February 22, 2007 Dennis Wayne Johnson, hall of fame basketball player, died. Johnson was born September 18, 1954 in Los Angeles, California. He played college basketball at Los Angeles Harbor College and Pepperdine University. He was selected by the Seattle Supersonics in the 1976 National Basketball Association Draft and was a five-time All-Star and nine-time All-Defensive Team member over his 15 season professional career. Johnson won NBA championships with the Supersonics in 1979 and the Boston Celtics in 1984 and 1986. He retired in 1990 and the Celtics retired his jersey number 3 in 1991. Johnson served as an assistant coach with various teams after retiring. He was posthumously inducted into the Naismith Memorial Basketball Hall of Fame in 2010.
February 22, 2008 Johnnie Rebecca Daniels Carr, civil rights activist, died. Carr was born January 26, 1911 in Montgomery, Alabama. She became politically active in the 1930s, raising money for the defense of the Scottsboro Boys, nine African American men falsely accused of raping two White women. She also joined the National Association of the Advancement of Colored People and served as secretary and youth director.

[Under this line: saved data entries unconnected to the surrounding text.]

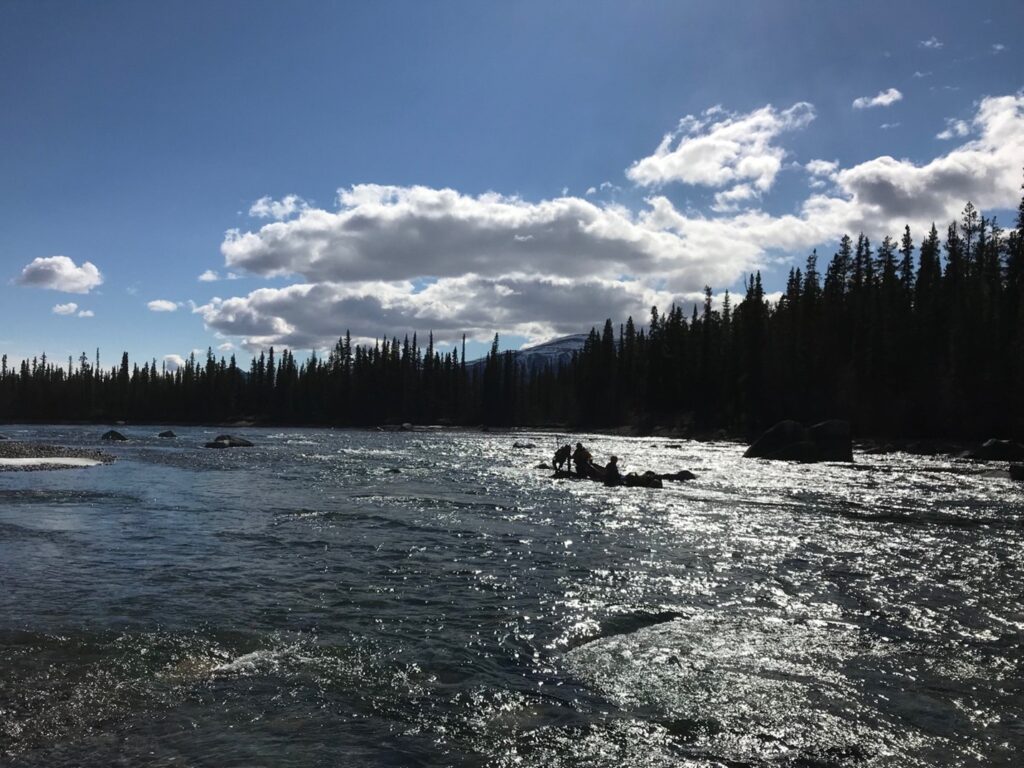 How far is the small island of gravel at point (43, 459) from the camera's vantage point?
3678cm

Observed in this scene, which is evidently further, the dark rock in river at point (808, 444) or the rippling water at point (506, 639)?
the dark rock in river at point (808, 444)

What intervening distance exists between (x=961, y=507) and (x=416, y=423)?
13172cm

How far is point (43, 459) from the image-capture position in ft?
136

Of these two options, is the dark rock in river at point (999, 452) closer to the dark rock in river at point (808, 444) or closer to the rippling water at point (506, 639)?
the dark rock in river at point (808, 444)

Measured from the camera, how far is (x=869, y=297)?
86.1 m

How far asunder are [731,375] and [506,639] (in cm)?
9677

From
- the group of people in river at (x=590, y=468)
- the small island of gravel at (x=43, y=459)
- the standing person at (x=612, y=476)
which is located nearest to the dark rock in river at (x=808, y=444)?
the group of people in river at (x=590, y=468)

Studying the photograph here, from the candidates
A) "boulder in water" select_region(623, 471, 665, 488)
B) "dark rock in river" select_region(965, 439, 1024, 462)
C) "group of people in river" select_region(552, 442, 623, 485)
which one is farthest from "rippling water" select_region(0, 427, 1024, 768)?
"dark rock in river" select_region(965, 439, 1024, 462)

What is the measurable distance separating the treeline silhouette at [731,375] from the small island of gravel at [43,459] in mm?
73028

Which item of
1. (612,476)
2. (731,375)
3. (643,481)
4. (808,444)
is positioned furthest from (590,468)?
(731,375)

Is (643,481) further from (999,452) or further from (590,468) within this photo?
(999,452)

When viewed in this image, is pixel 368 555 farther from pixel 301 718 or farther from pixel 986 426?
pixel 986 426

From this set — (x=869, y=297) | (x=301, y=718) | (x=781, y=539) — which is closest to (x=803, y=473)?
(x=781, y=539)

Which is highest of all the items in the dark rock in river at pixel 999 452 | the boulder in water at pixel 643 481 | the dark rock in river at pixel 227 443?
the dark rock in river at pixel 999 452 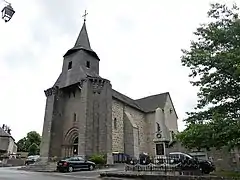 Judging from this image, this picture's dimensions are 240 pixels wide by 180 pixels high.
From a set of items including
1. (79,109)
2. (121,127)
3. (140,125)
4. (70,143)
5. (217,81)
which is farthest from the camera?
(140,125)

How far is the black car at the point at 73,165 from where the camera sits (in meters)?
23.3

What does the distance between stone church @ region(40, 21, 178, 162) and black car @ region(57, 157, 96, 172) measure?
14.9ft

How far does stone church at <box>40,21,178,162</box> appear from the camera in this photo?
3134cm

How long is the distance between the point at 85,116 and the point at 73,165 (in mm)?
8585

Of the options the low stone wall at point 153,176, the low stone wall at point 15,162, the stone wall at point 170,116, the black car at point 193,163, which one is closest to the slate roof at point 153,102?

Carr was actively involved in the 1955 Montgomery Bus Boycott and she and her husband filed a lawsuit to desegregate the public school system of Montgomery in 1964. A federal judge in Carr v. Montgomery County Board of Education ruled June 2, 1969 that the board had illegally operated a duel school system based on race and their son became one of the first 13 students to integrate the school system. Carr succeeded Rev. Martin Luther King, Jr. as president of the Montgomery Improvement Association in 1967 and held that position until her death. Johnnie R. Carr Middle School in Montgomery is named in her honor and her name is enshrined in the Ring of Genealogy at the Charles H. Wright Museum of African American History in Detroit, Michigan.